V – La morte e le grandi tradizioni

Chi non si è già posto le domande: Che succede e cosa diventiamo dopo la morte? Dove si va? C’è
veramente qualcos’altro? E se tutto ciò non fosse vero? Perché si deve morire?
Abbiamo l’abitudine di dire: “Non lo sappiamo, nessuno è mai ritornato a dircelo”. Ma, secondo
il grado di interesse e nella misura in cui l’argomento ha importanza per noi, a suo tempo, il
nostro Essere interiore ci rivelerà questi segreti.
È bene tuttavia ricordarsi che le grandi tradizioni ci hanno lasciato numerosi scritti sugli
stati postumi. Una breve sintesi dei punti più importanti potrà senza dubbio alimentare la nostra
riflessione.

1) Il libro dei morti tibetano o Bardo Thòdol

Questo libro è un trattato scientifico che descrive in modo razionale le differenti tappe del
viaggio dell’anima dal momento della morte a quello della rinascita.

“Questo libro appartiene alla categoria dei testi che insegnano la tecnica e l’arte di morire. Il
suo interesse è centrato sul momento del “passaggio” e sui giorni e le settimane che seguono (1).”

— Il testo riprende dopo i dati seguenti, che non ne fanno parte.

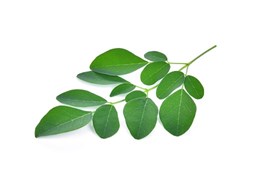 moringa (Moringa oleifera)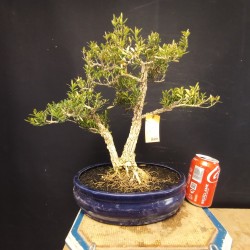 Buxus Harlandii 3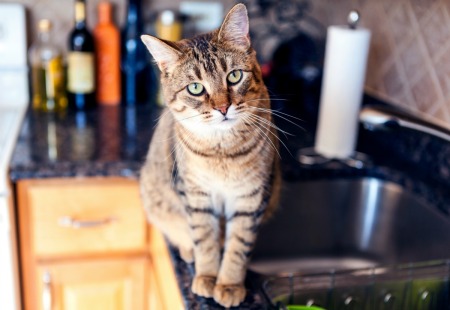 Cat walking on a kitchen counter.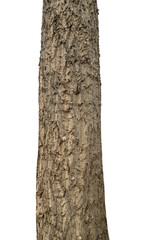 Fototapeta premium Trunk of a tree Isolated On transparent Background...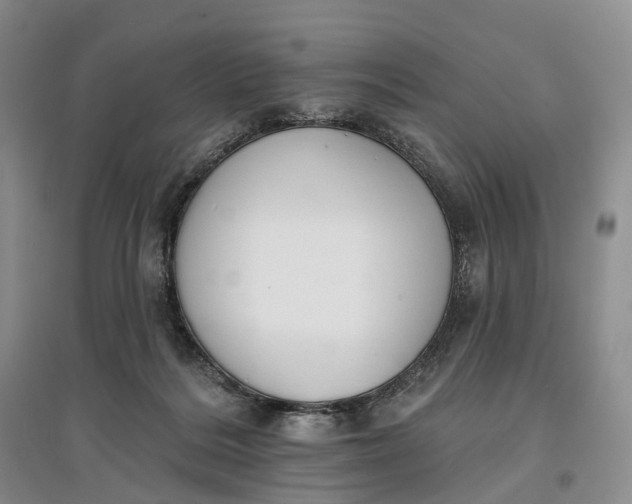 X0000097590220200803141902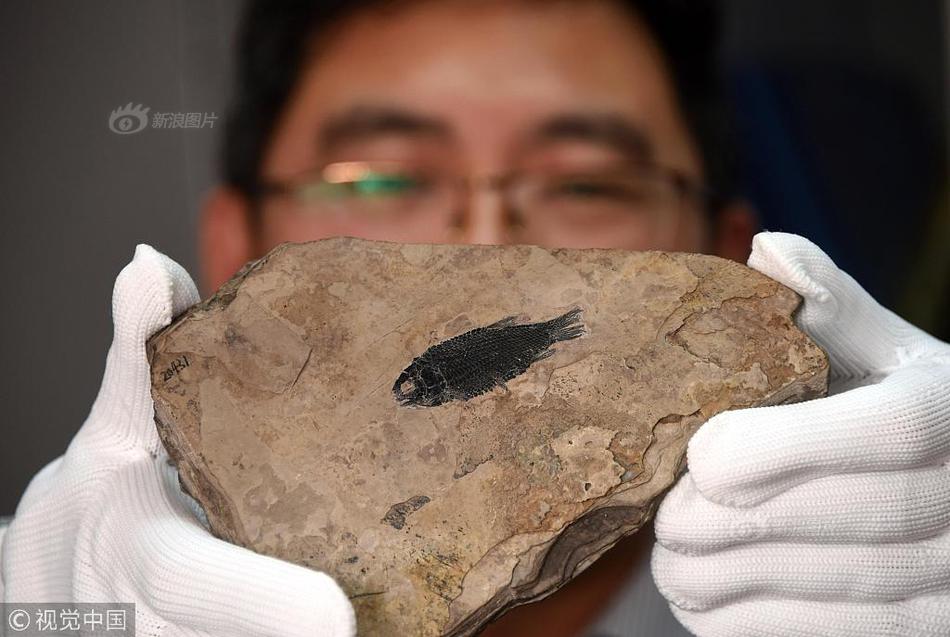 绵阳哪里有炮楼(隆林各族自治县),绵阳能放炮吗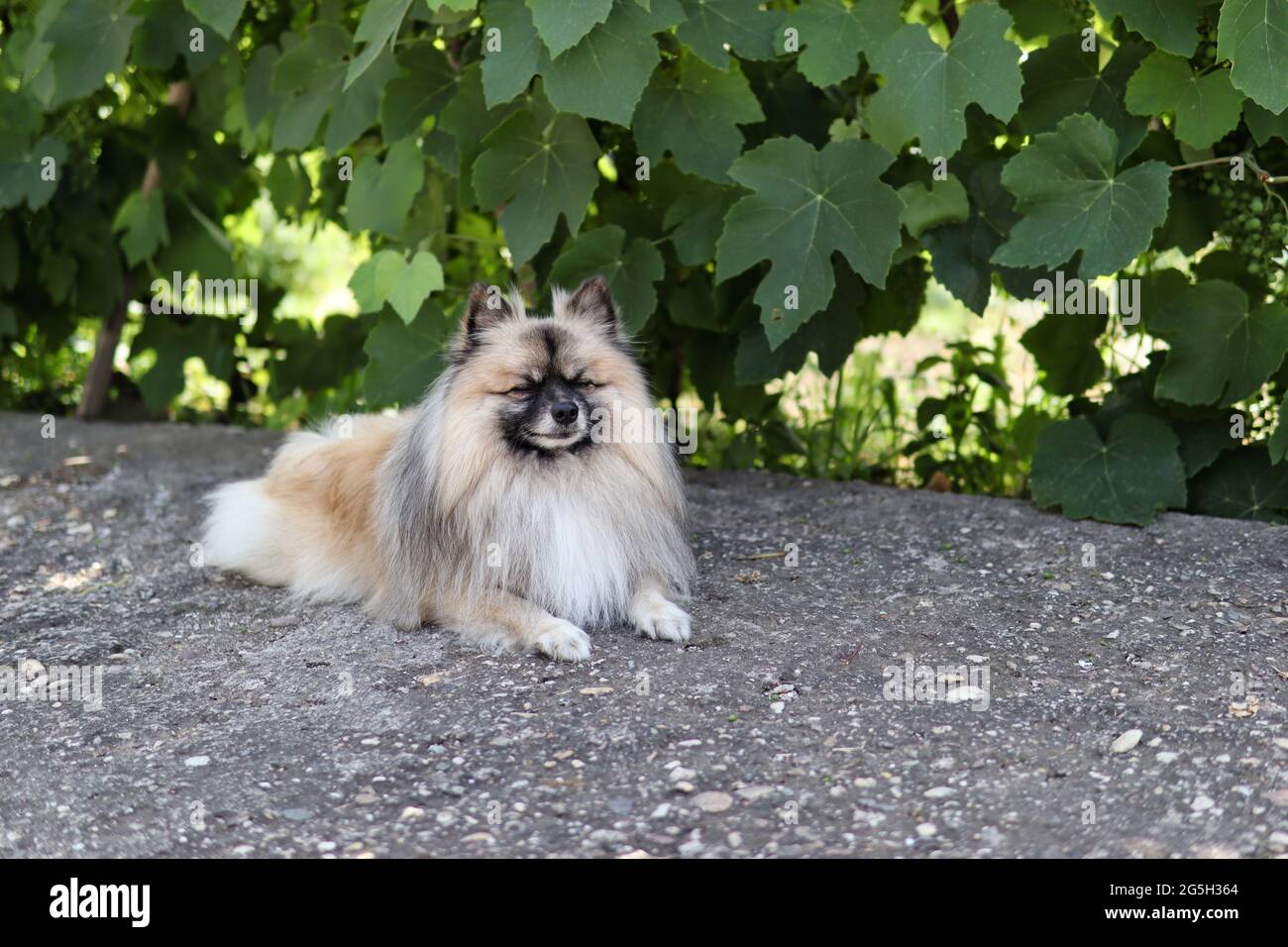 Il nano tedesco spitz di razza del cane riposa con i suoi occhi chiusi all'ombra del giardino in una calda giornata estiva Foto Stock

Il termine “Bardo Thòdol” significa “Liberazione mediante comprensione nel piano che segue la
morte”. Il libro contiene un insegnamento di grande saggezza. Alcuni passaggi vanno letti al defunto
per consentirgli di liberarsi più rapidamente dei suoi attaccamenti materiali e umani e così
riconoscere la pura luce. Se, sin dai primi giorni, il defunto non ha saputo riconoscere la chiara
luce e fondervisi, dovrà iniziare il suo viaggio nei vari Bardos, che simbolicamente durano
quarantanove giorni. In breve, in questi Bardos la coscienza del defunto sarà confrontata col mondo
delle illusioni. Queste non sono altro che le illusioni, paure, chimere e fantasmi propri. Quanto
più in fretta saprà riconoscerli, tanto prima si libererà allo scopo di reintegrare il suo stato
divino (o fondersi col Buddha) oppure di reincarnarsi.
Il Karma determina le condizioni dell’esperienza che quest’anima vivrà. Il grande messaggio
trasmesso da questa tradizione buddista tibetana è che dobbiamo liberarci da ogni illusione e
attaccamento per poter raggiungere lo stato di Buddha.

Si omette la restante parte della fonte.